TASK PROMPT - Starting at the first line of the material below, retype each line exactly until you reach the line with "女性も多く活躍中！にぎやかな職場ですよ。", which is also included; pictures stay out.

MATERIAL SUPPLIED -
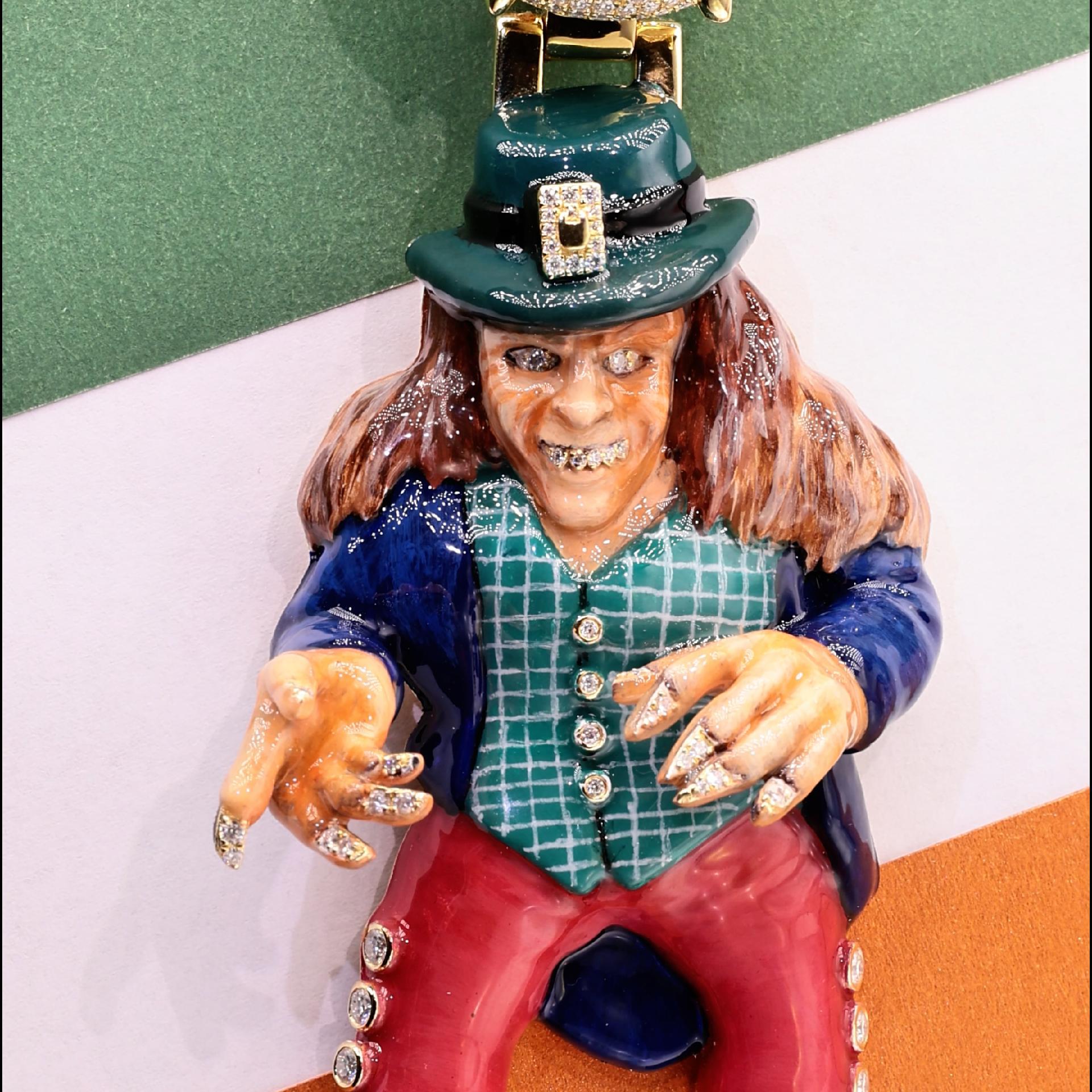 Load video: APORRO Premium Custom Gremlins Pendant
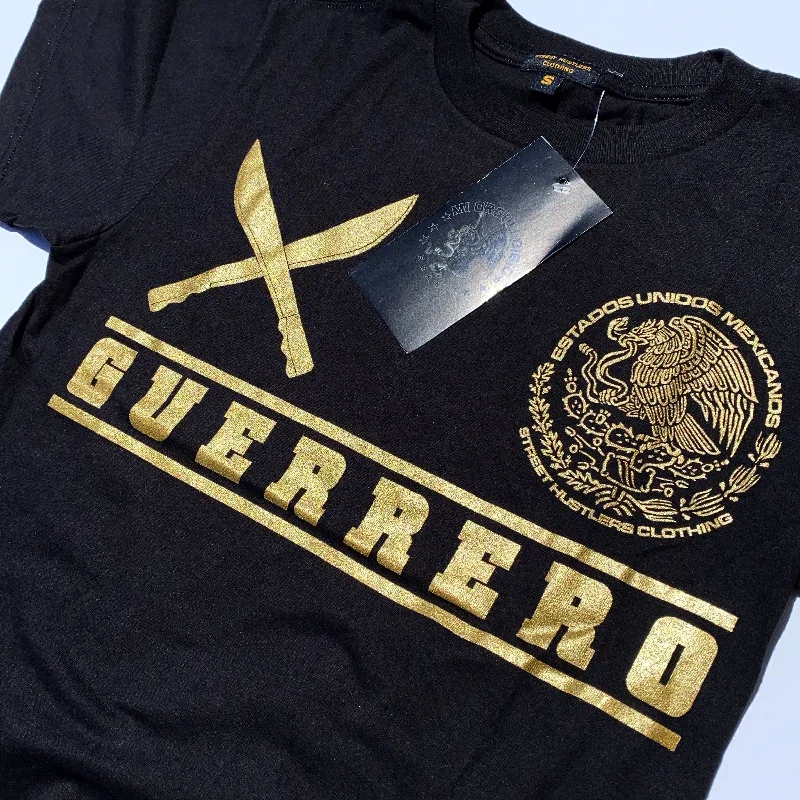 GUERRERO CLASSIC T-SHIRT (BLACK)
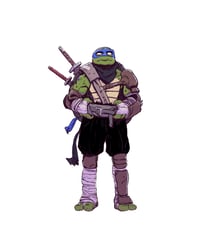 Image 3 of TMNT Stickers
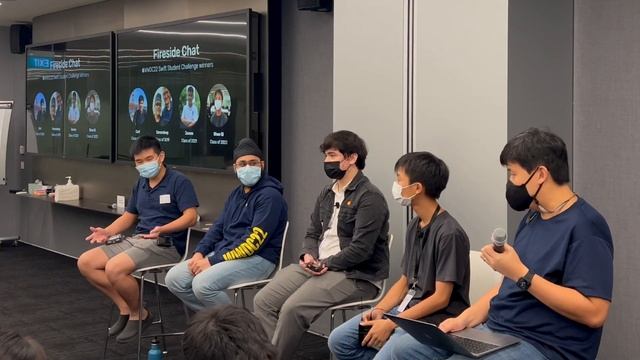 Fireside Chat - WWDC22 SSC x Swift Accelerator Programme смотреть онлайн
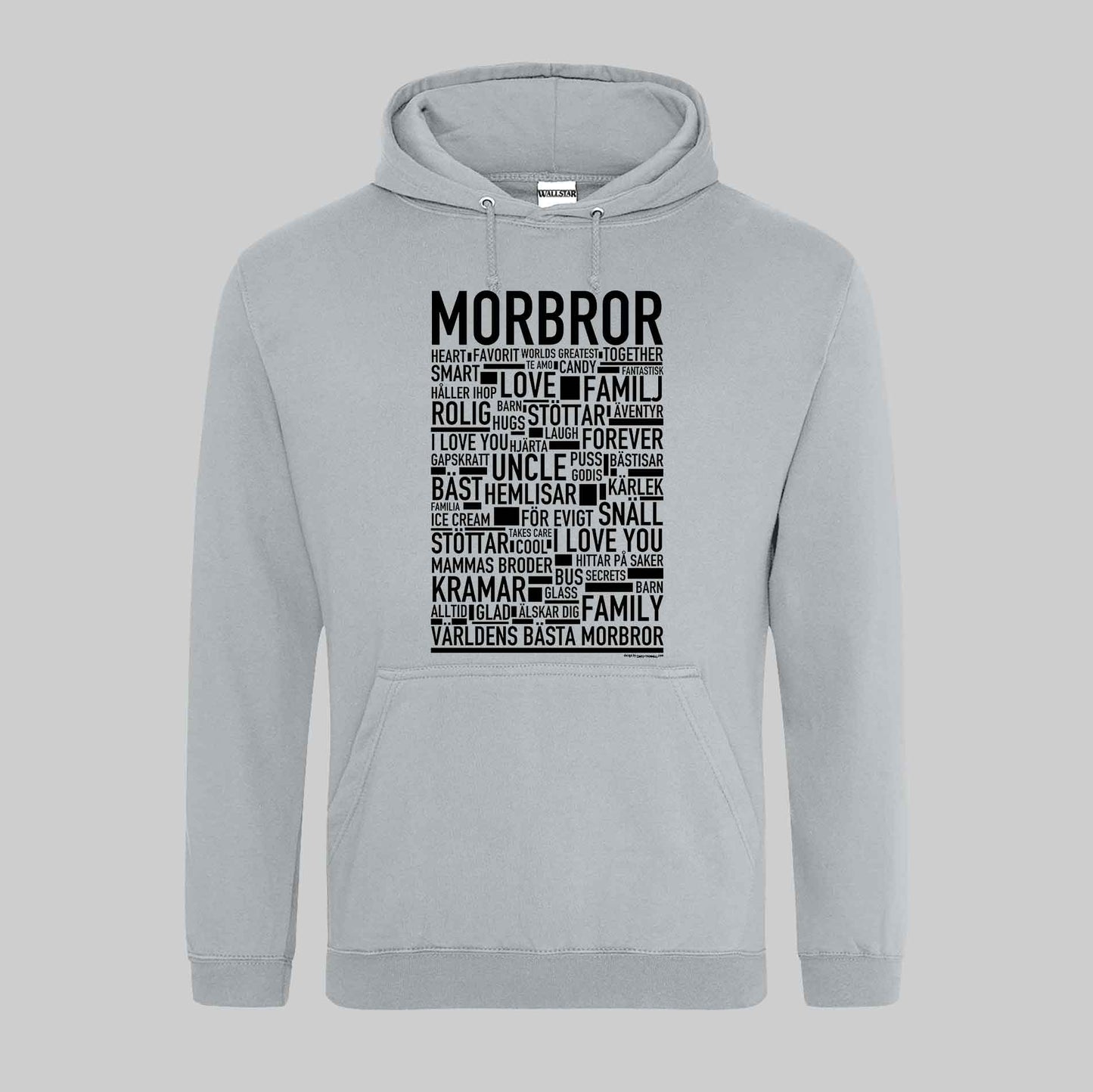 Morbror Text Hoodie
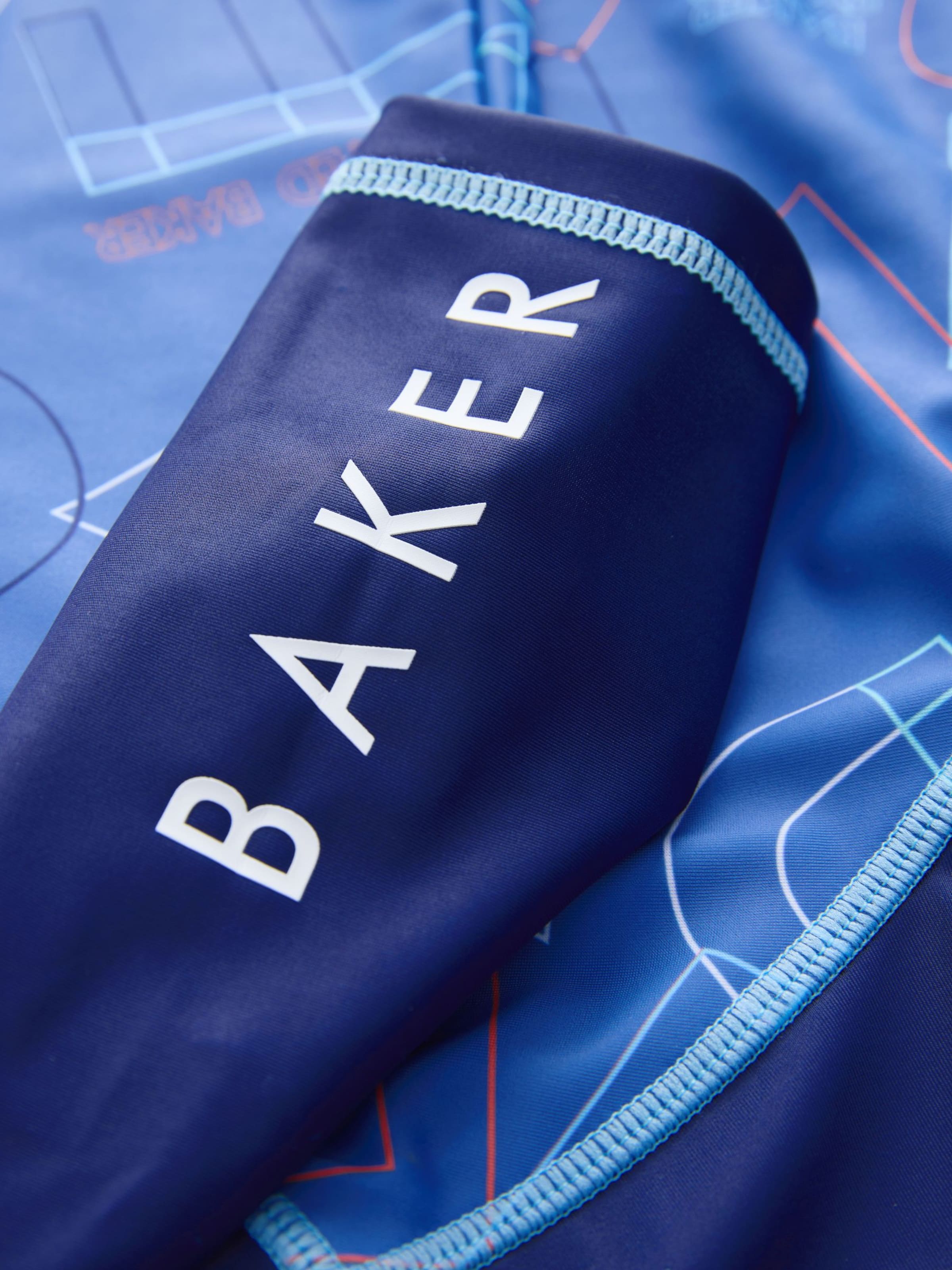 Baker by Ted Baker Защита от ультрафиолета в синем цвете, морской синий — фото 3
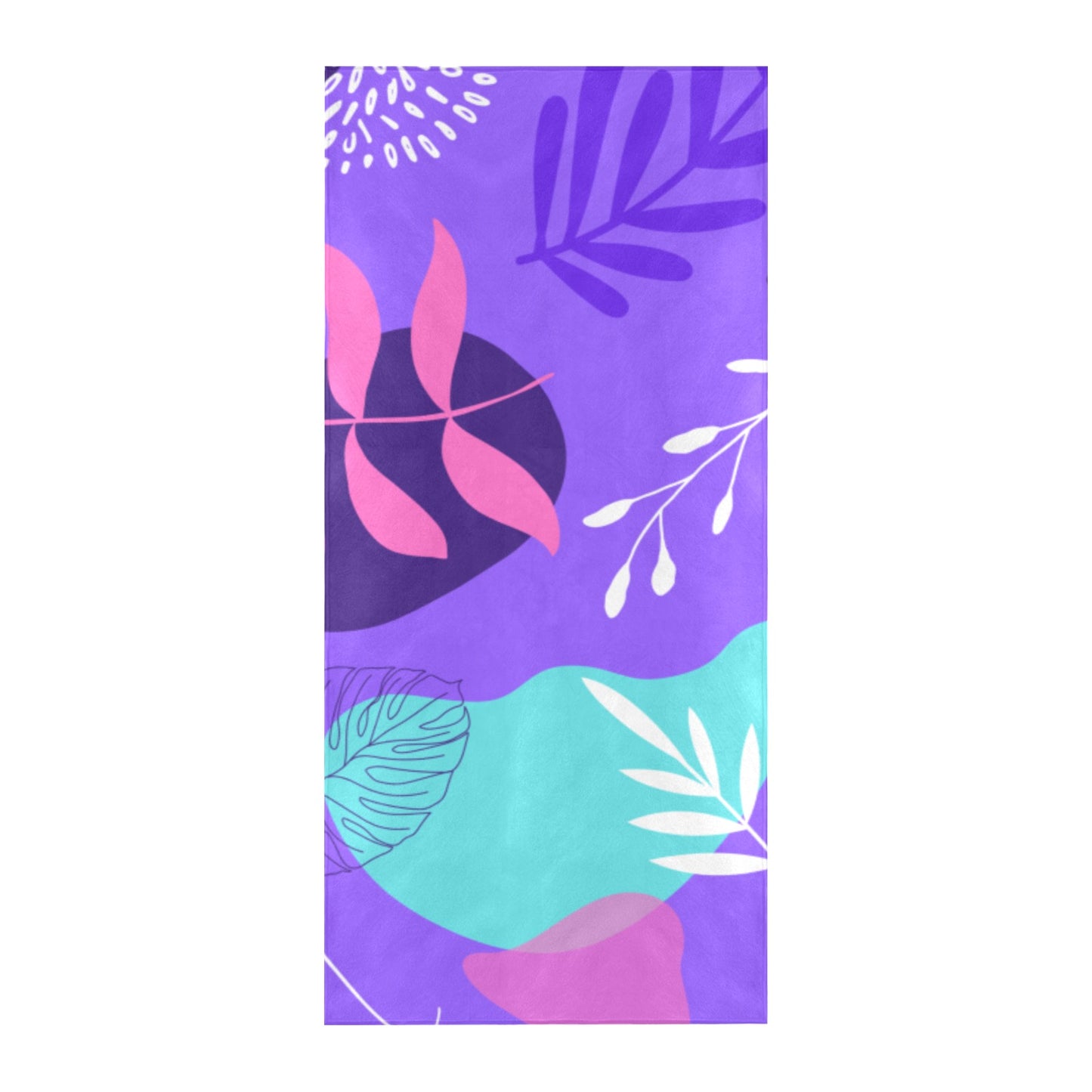 Party Palms Beach Towel 32"x 71"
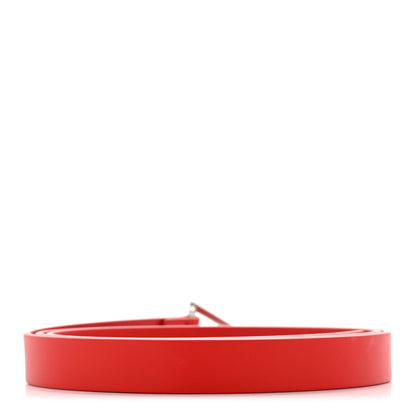 Bottega Veneta Nappa Belt 105 42 Red 2 of 6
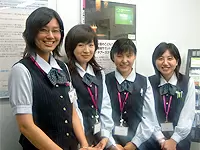 女性も多く活躍中！にぎやかな職場ですよ。
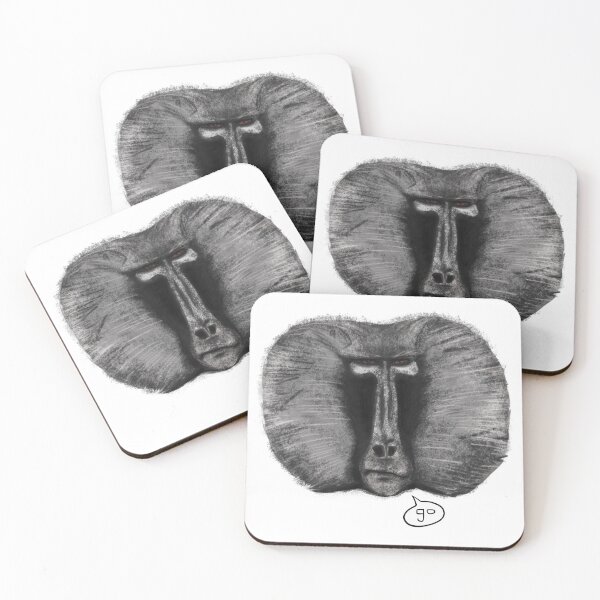 Item preview, Baboon designed and sold by SpottedPilot.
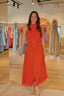 Robe Fabienne - Rouge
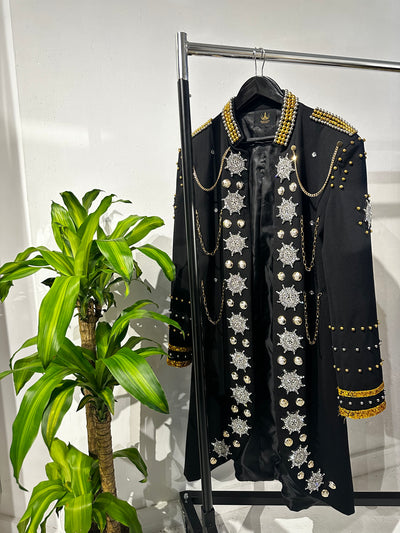 Long Medallion Jacket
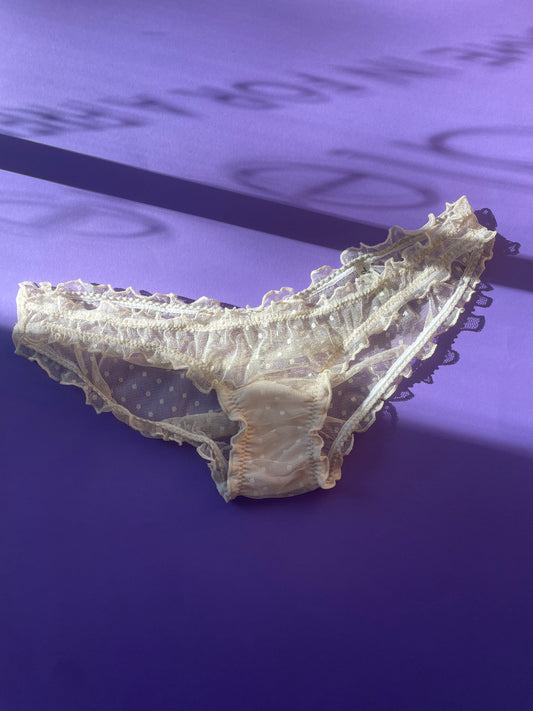 Clare Bare: Oleander Bloomer - Ivory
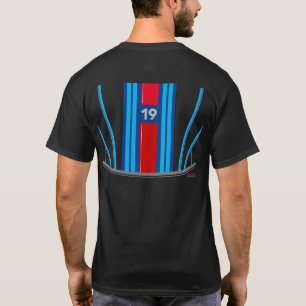 Camiseta Carreras autos Le Mans de la resistencia clásica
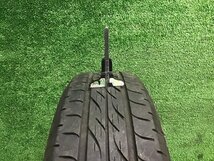 【送料無料】ブリヂストン;NEXTRY;155/65R14 75S;DFL1322(2022年13週製);残り溝/約4～5mm;1本のみF;タイヤ_画像7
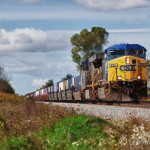 CSX Line Heading into Willard
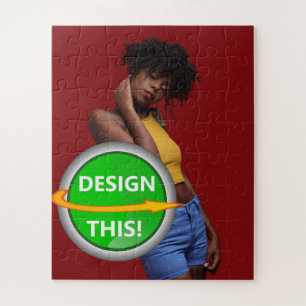 COOL! Jigsaw Puzzle 16"x20" - 56 oversized pieces 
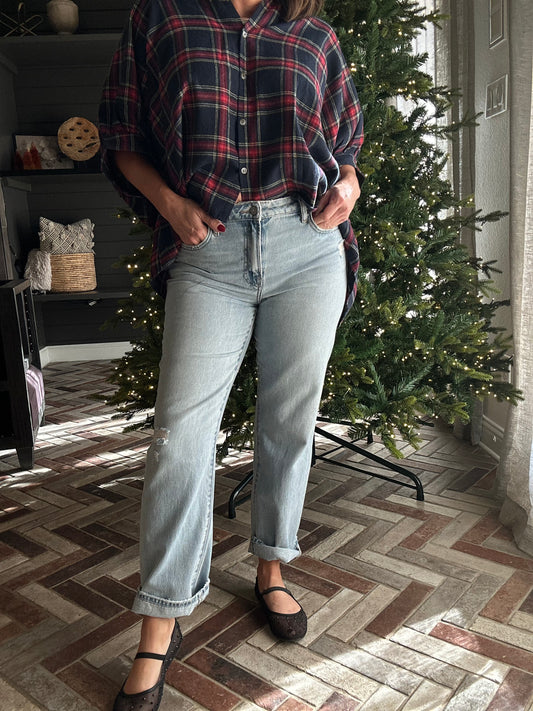 Tracey Straight Leg Jeans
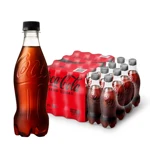 코카콜라 제로 라벨프리 370ml 24입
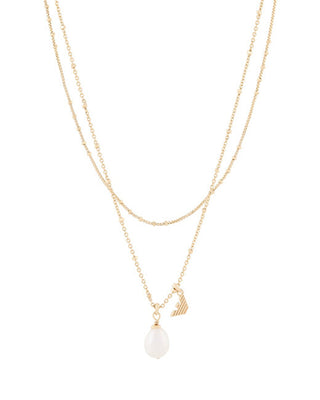 Emporio Armani Collana Placcata Oro Alla Moda Egs3273710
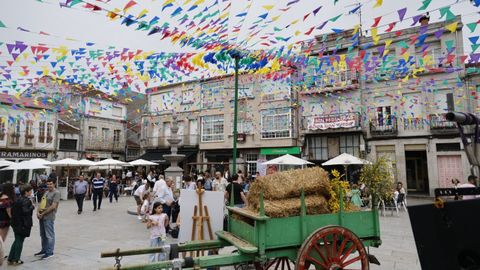 Festa das mozas en Xinzo de Limia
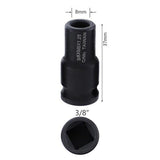 Max Maxb Woodworking Impact Socket 3/8" Drive M8x1.25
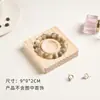 Pulsera de Disco con Cuentas Exhibición Almacenamiento Pulsera Joyería Diseño Joyería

THE ANSWER -
 Load video: APORRO Premium Custom Gremlins Pendant
 GUERRERO CLASSIC T-SHIRT (BLACK)
 Image 3 of TMNT Stickers
 Fireside Chat - WWDC22 SSC x Swift Accelerator Programme смотреть онлайн
 Morbror Text Hoodie
 Baker by Ted Baker Защита от ультрафиолета в синем цвете, морской синий — фото 3
 Party Palms Beach Towel 32"x 71"
 Bottega Veneta Nappa Belt 105 42 Red 2 of 6
 女性も多く活躍中！にぎやかな職場ですよ。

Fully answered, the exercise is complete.